= Ruth F. Curtain =

Australian mathematician (1941–2018)

Ruth F. Curtain (16 July 1941 – 18 March 2018) was an Australian mathematician who worked for many years in the Netherlands as a professor of mathematics at the University of Groningen. Her research concerned infinite-dimensional linear systems.

==Education and career==
Curtain was born in Melbourne. She was the daughter of a house painter, who wanted her to leave school at age 14, but with the support of her mother she persisted. She studied mathematics at the University of Melbourne, earning a bachelor's degree in 1962, diploma in education in 1963, and master's degree in 1965. She moved to Brown University, in the United States, for graduate study in applied mathematics, and completed her Ph.D. there in 1969. Her dissertation, Stochastic Differential Equations In A Hilbert Space, was supervised by Peter Falb.

She then joined the faculty at Purdue University, but in 1971 moved to the University of Warwick. In 1977 she moved again, to the University of Groningen, where she remained until her 2006 retirement.

==Books==
Curtain was the author of:
- Functional Analysis in Modern Applied Mathematics (with A. J. Pritchard, Academic Press, 1977)
- Infinite Dimensional Linear Systems Theory (with A. J. Pritchard, Springer, 1978)
- An Introduction to Infinite-Dimensional Linear Systems Theory (with Hans Zwart, Springer, 1995)

==Awards and honours==
In 1991 Curtain was elected as a Fellow of the IEEE, associated with the IEEE Control Systems Society, "for contributions to the control theory of stochastic and infinite-dimensional systems".

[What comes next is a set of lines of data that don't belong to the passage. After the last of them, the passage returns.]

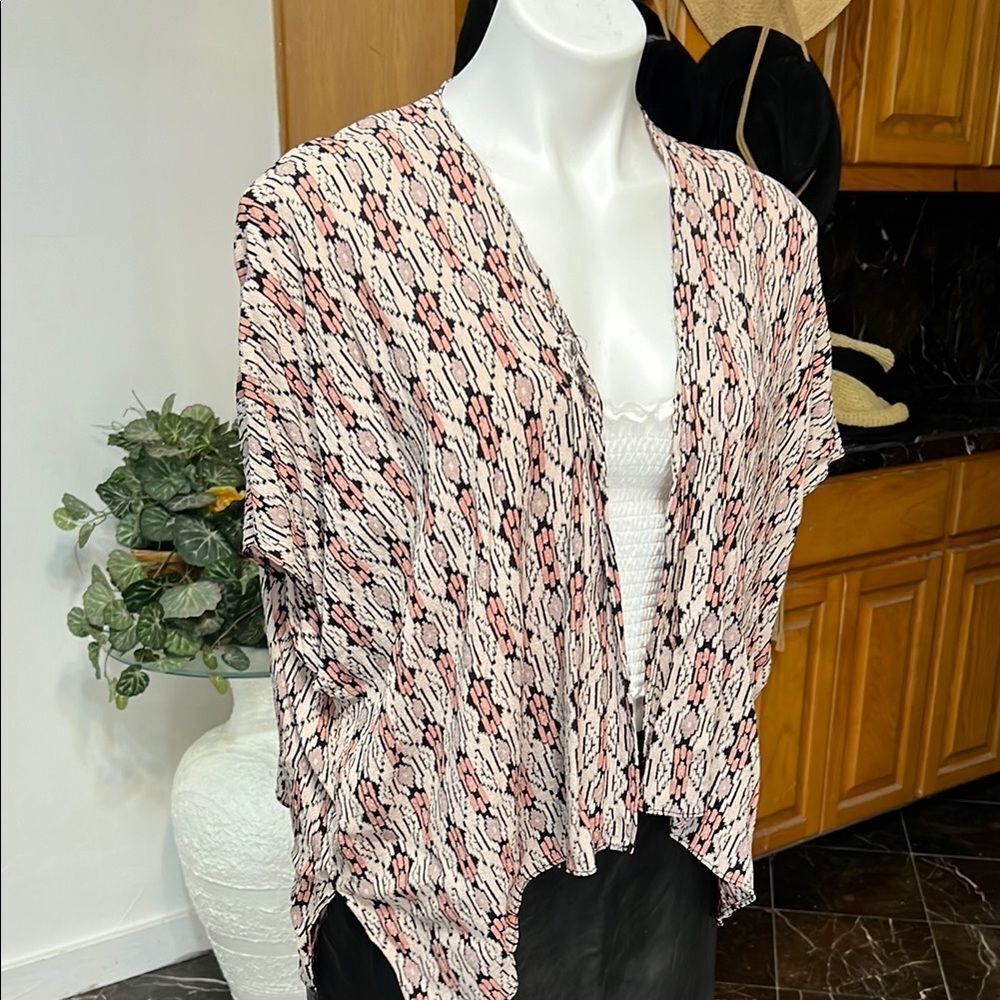 Patterned Women's Sweater - Picture 2 of 8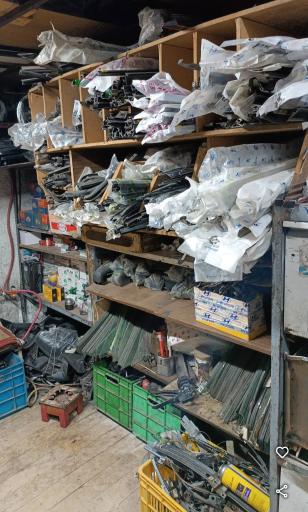 عکس شیشه اتومبیل انصاری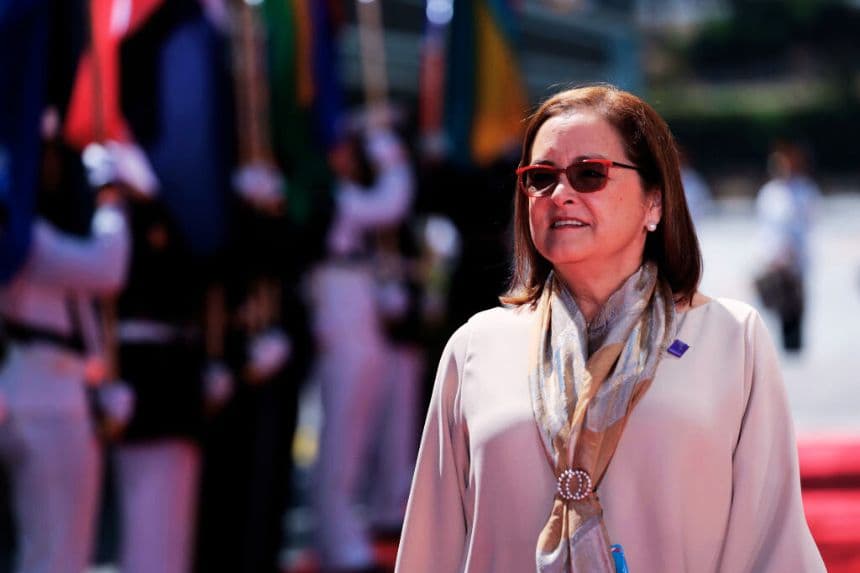 EE. UU. dialoga con El Salvador sobre la defensa de los derechos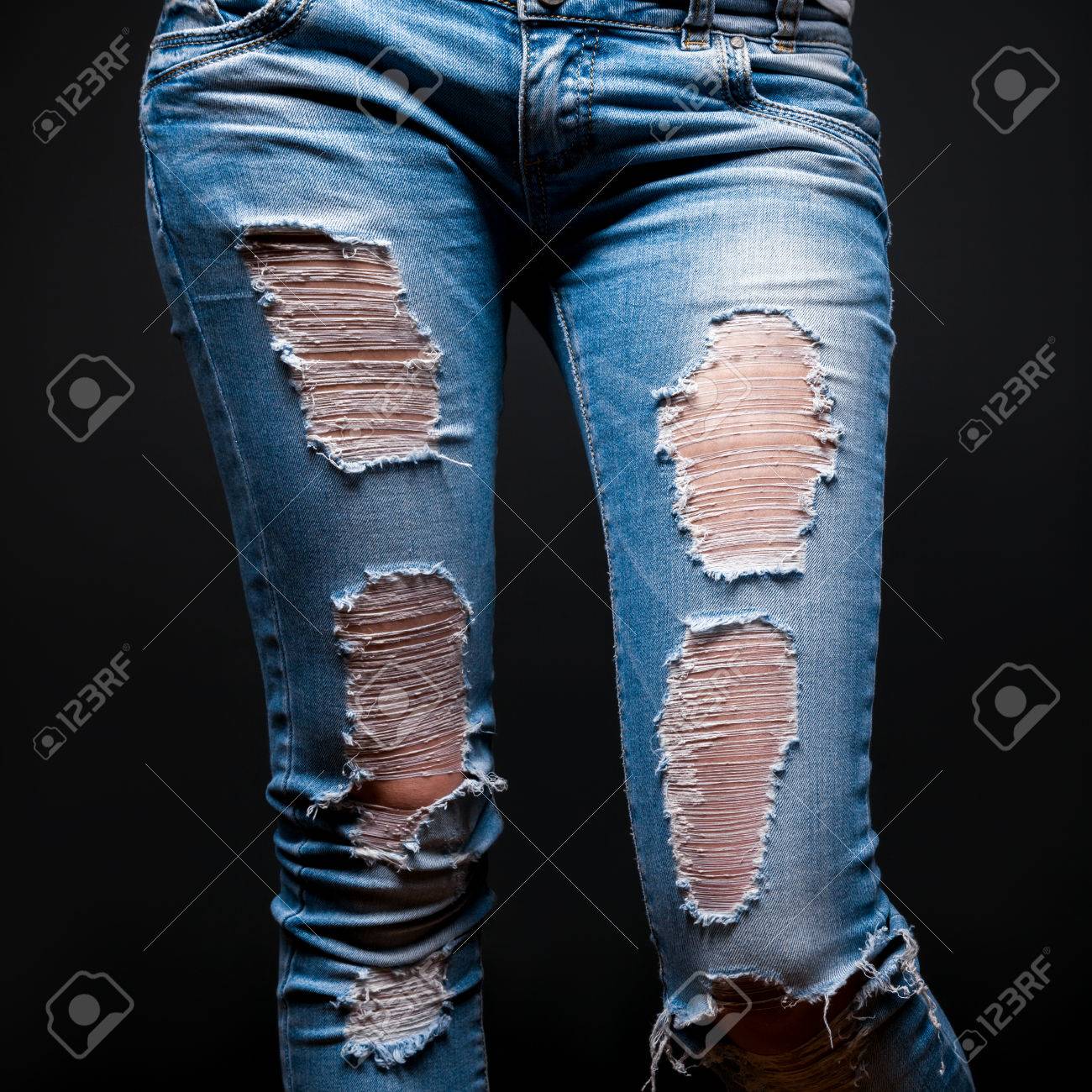 Jambes De Femme En Jeans Dechire Sur Fond Noir Banque D Images Et Photos Libres De Droits Image 77932714
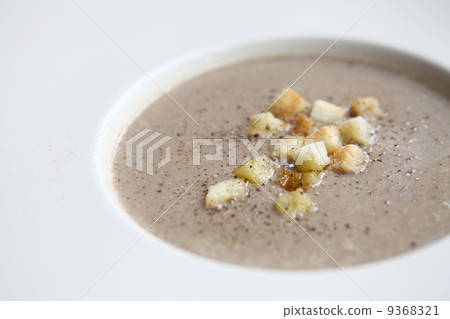 Mushroom soup 9368321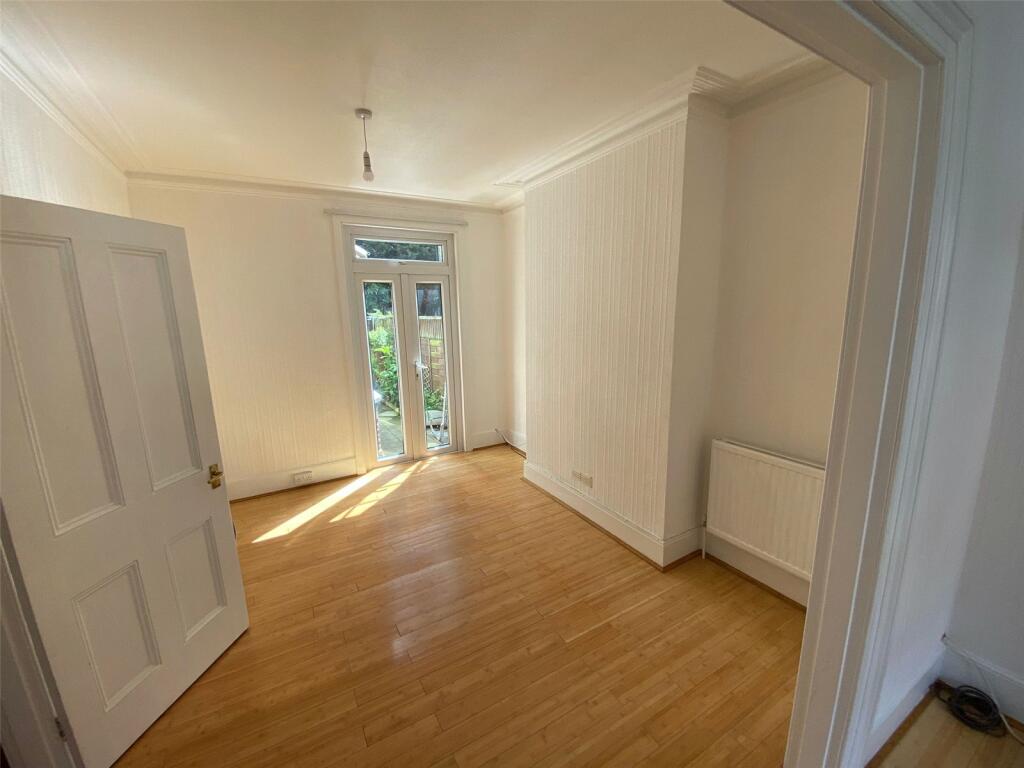 3 bedroom terraced house for rent in Hampshire Road, London, N22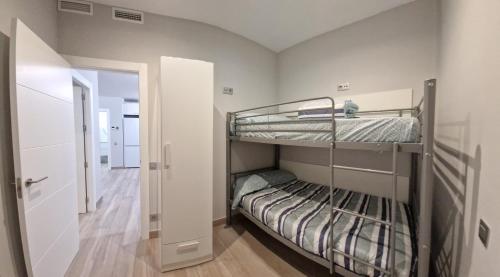 Postel nebo postele na pokoji v ubytování Sal y Mar Apartment - Playa de Almeria - Centro de Almeria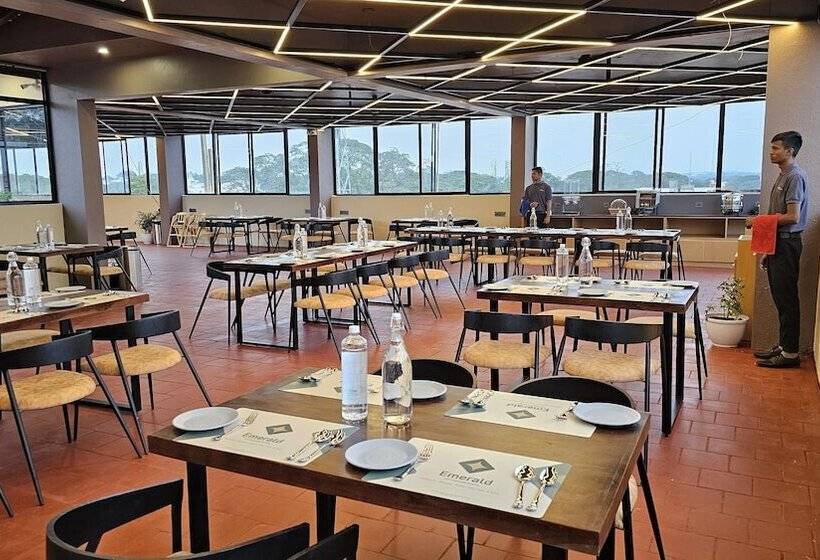 هتل Emerald Urban Comforts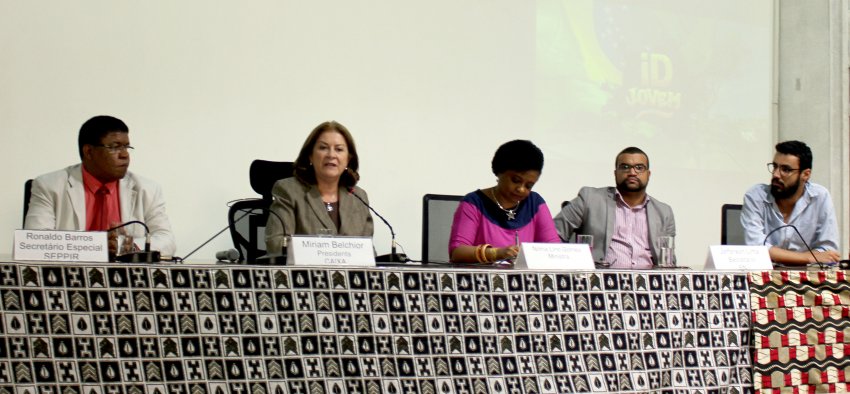 Identidade Jovem vai beneficiar 18,4 milhões de brasileiros de baixa renda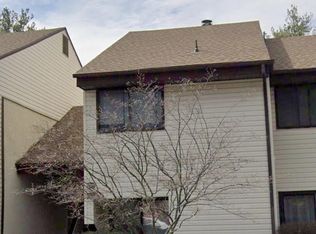 36 E Daisy Ln, Mount Laurel, NJ 08054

In 2012 the Society for Industrial and Applied Mathematics gave Curtain their W. T. and Idalia Reid Prize for outstanding research in differential equations and control theory. The award citation recognized Curtain for her "fundamental contributions to the theory of infinite dimensional systems and the control of systems governed by partial and delay differential equation".